Biblical intimacy avoids the world’s view which is sex driven to being victorious living through shared discussion, shared silence, shared history, yes, shared trials and heartaches, as well as shared joys.
The marriage couple who builds on the Biblical essentials has a husband who knows his “responsibility is to love his Lord so deeply and accept his [God given call] so completely that he gives himself to his wife without conditions. A marriage surrendered to the Lordship of Christ has a wife who knows her “responsibility to respect her husband so much that she gives herself to her husband without hesitations [every part of her life].” (Marriage, From Surviving to Thriving, Swindoll)
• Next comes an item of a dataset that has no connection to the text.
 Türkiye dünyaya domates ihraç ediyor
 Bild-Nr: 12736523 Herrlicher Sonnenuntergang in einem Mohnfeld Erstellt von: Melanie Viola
God’s call for marriage is intimacy, not familiarity. Gordon Lester wrote, “Familiarity and intimacy are not the same. Each has a value in life, certainly in married life, but one is no substitute for the other. If one is confused for the other, we have the basis for major human and marital unrest. In marriage, familiarity is inescapable. It happens almost imperceptibly. Intimacy is usually hard to come by. It must be deliberately sought and opened up and responded to. Familiarity brings a degree of ease and comfort. Intimacy excitingly searches for deep understanding and personal appreciation.”
Make it a point to avoid sin that destroys intimacy and surrender to God’s will for marriage so intimacy may be experienced often and enjoyed.